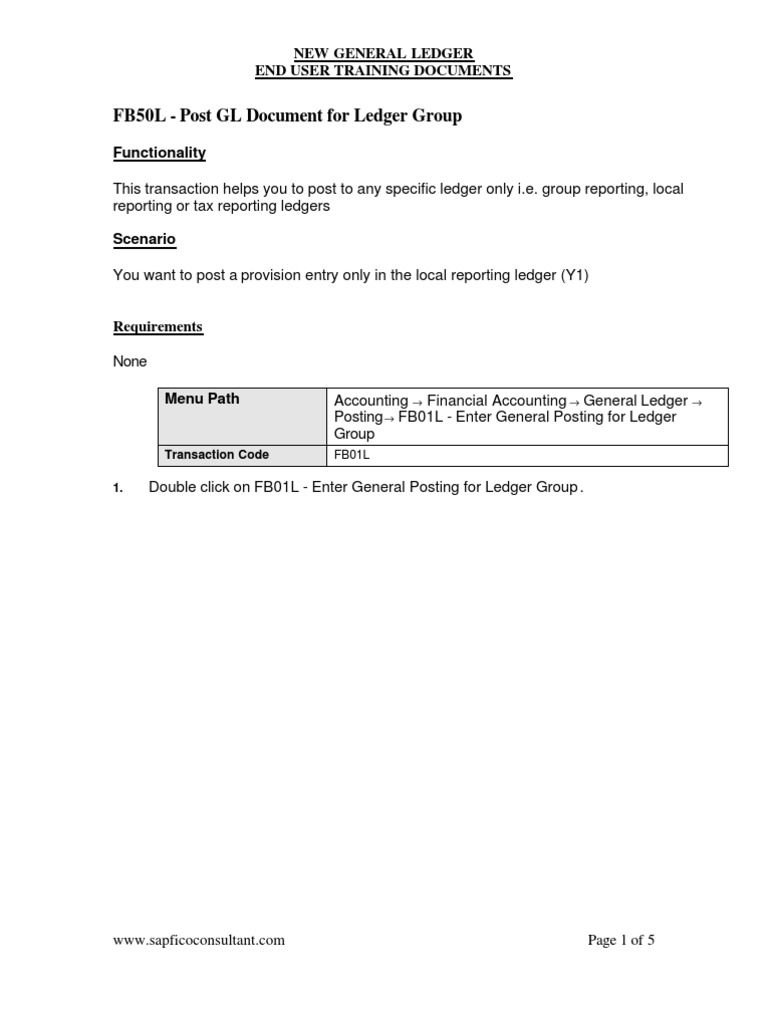 Post GL Document in SAP FB50L | PDF | Economies | Computing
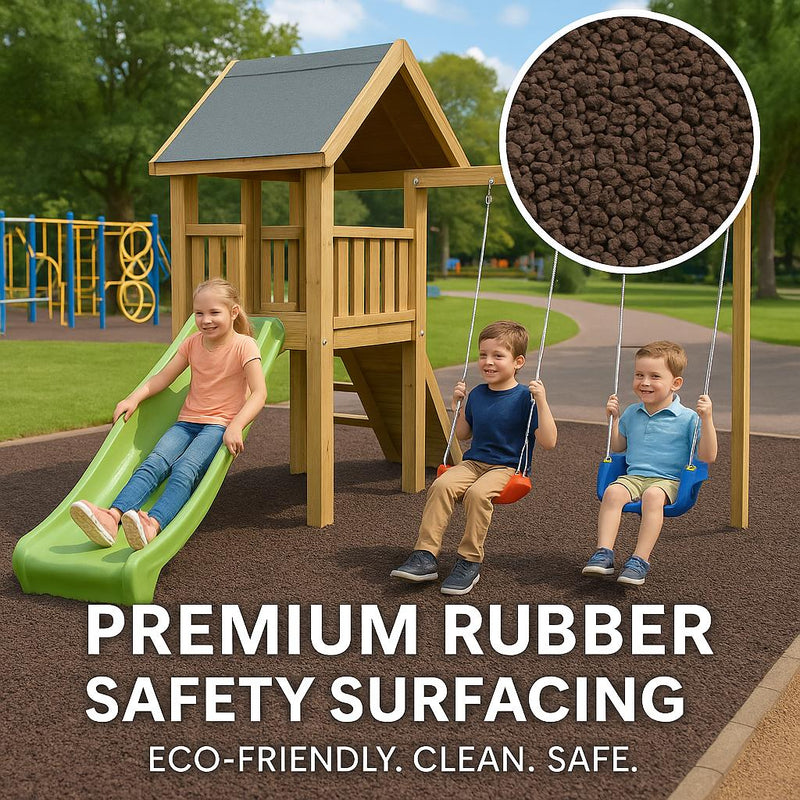 Rubber Chipping Brown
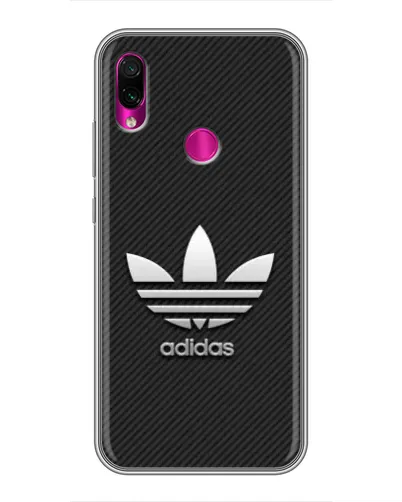 Чохол для Xiaomi Redmi Note 7 з картинкою «Adidas Карбонова текстура» Чохол для Xiaomi Redmi Note 7 з картинкою «Adidas Карбонова текстура»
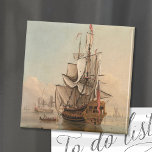 Versand in Ruhe | Peter Monamy Magnet<br><div class="desc">Versand in Ruhe (1700-1725) | Peter Monamys "Shipping in a Calm" ist ein ruhiges maritimes Bild, das Schiffe an der Erholung auf ruhigen Gewässern erobert. Die Komposition hebt die Ruhe des Meeres hervor, mit detaillierten Renderings von Segelschiffen und dem sanften Licht auf dem Wasser. Monamys präzise Technik und seine ausgewogene...</div>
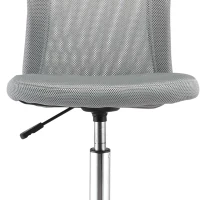 Vinsetto Lot 2 de chaises de bureau ergonomique hauteur réglable piètement chromé pivotant 360° revêtement maille gris(m-7)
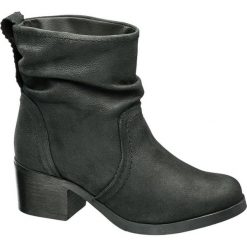 Botki damskie: botki damskie 5th Avenue czarne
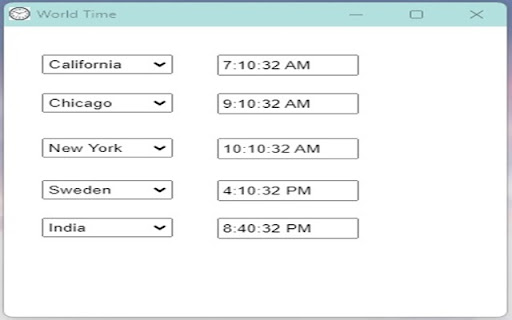 World Time by CoolDerive from Chrome web store to be run with OffiDocs Chromium online World Time by CoolDerive from Chrome web store to be run with OffiDocs Chromium online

# [Task details]
Although the records hold pictures, return only what remains, word for word.

# [Result below]
 Post GL Document in SAP FB50L | PDF | Economies | Computing
 Rubber Chipping Brown
 Чохол для Xiaomi Redmi Note 7 з картинкою «Adidas Карбонова текстура» Чохол для Xiaomi Redmi Note 7 з картинкою «Adidas Карбонова текстура»
 Versand in Ruhe | Peter Monamy Magnet<br><div class="desc">Versand in Ruhe (1700-1725) | Peter Monamys "Shipping in a Calm" ist ein ruhiges maritimes Bild, das Schiffe an der Erholung auf ruhigen Gewässern erobert. Die Komposition hebt die Ruhe des Meeres hervor, mit detaillierten Renderings von Segelschiffen und dem sanften Licht auf dem Wasser. Monamys präzise Technik und seine ausgewogene...</div>
 Vinsetto Lot 2 de chaises de bureau ergonomique hauteur réglable piètement chromé pivotant 360° revêtement maille gris(m-7)
 Botki damskie: botki damskie 5th Avenue czarne
 World Time by CoolDerive from Chrome web store to be run with OffiDocs Chromium online World Time by CoolDerive from Chrome web store to be run with OffiDocs Chromium online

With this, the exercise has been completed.